** What the task asks **
Return all lines in the data where the string "product" can be found.
___ Data section ___
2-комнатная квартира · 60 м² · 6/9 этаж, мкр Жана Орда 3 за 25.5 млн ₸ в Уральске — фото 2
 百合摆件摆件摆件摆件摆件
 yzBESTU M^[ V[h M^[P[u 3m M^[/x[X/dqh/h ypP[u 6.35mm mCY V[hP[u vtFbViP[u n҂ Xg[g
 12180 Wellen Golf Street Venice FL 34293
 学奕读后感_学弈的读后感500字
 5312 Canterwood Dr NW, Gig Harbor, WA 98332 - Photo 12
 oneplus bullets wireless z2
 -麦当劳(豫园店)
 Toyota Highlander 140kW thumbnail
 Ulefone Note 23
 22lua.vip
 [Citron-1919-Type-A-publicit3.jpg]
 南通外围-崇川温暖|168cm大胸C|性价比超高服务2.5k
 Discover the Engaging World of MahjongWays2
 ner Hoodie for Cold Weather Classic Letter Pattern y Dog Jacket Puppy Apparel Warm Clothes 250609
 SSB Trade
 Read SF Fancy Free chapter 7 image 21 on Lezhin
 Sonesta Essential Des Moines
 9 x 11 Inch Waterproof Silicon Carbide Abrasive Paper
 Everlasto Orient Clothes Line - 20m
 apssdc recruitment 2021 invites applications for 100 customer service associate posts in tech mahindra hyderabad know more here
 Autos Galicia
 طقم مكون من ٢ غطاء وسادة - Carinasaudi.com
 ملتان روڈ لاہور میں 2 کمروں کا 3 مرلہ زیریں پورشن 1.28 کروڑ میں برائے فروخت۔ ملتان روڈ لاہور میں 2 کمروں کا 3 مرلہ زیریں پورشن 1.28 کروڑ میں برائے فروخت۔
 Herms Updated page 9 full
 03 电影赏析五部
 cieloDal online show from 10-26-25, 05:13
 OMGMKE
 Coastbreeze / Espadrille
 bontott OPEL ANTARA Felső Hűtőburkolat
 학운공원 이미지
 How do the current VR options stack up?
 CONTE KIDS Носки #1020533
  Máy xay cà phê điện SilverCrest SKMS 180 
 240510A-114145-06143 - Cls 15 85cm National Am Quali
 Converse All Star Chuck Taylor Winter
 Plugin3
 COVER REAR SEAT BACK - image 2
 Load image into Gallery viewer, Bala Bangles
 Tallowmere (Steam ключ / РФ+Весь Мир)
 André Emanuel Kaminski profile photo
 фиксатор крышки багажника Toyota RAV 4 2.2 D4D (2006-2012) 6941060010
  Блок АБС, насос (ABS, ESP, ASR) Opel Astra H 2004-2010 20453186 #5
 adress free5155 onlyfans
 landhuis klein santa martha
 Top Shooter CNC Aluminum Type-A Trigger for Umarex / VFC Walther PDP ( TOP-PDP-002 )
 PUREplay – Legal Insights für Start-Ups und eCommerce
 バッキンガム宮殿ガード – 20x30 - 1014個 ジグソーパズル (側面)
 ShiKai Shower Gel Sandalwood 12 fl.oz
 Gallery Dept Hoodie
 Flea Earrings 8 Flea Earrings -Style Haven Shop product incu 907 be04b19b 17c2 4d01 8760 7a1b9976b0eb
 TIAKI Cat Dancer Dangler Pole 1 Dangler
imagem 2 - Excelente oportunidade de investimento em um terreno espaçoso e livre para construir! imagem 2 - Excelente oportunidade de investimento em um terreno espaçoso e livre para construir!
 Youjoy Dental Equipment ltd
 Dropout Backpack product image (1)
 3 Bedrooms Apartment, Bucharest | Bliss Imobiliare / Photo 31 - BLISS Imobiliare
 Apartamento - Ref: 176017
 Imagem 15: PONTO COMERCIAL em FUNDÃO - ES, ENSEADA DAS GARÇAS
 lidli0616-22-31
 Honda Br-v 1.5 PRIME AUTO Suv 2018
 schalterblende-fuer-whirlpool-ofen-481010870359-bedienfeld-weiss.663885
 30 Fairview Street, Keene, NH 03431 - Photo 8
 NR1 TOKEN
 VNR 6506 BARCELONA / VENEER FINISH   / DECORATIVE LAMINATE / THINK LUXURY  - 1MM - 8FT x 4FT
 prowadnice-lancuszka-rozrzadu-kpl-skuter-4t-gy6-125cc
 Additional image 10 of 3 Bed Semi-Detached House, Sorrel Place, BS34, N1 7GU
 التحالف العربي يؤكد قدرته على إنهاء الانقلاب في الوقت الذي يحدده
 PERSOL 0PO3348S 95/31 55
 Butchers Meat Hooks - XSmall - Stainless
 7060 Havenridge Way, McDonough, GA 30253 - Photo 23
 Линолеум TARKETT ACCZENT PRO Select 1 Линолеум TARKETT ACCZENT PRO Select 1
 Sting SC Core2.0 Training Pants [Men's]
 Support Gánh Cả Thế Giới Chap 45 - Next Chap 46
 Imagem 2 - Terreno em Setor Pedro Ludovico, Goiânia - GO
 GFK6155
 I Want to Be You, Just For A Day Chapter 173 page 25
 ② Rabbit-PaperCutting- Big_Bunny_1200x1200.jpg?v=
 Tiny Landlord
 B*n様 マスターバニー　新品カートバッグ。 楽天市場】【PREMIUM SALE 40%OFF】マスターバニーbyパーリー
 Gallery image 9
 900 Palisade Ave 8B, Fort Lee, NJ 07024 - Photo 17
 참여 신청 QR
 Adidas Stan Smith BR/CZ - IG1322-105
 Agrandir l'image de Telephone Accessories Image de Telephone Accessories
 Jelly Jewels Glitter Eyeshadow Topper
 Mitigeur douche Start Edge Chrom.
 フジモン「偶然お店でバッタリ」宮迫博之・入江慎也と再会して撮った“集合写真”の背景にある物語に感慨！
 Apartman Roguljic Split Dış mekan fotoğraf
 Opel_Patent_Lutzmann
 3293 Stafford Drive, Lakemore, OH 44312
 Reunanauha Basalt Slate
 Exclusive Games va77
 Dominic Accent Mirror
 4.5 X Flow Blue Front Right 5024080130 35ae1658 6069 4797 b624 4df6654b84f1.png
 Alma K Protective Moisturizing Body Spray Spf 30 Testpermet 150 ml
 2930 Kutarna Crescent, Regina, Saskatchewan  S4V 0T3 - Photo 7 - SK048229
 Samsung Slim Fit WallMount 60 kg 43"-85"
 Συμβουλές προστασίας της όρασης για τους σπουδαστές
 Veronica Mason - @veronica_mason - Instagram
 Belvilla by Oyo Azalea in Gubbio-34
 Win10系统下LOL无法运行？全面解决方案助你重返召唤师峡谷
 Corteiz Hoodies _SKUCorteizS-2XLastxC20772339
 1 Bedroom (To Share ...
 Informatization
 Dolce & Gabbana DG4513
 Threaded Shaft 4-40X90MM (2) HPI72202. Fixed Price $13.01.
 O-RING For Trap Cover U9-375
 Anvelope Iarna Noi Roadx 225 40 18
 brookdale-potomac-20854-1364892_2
___
** Task answer **
 Flea Earrings 8 Flea Earrings -Style Haven Shop product incu 907 be04b19b 17c2 4d01 8760 7a1b9976b0eb
 Dropout Backpack product image (1)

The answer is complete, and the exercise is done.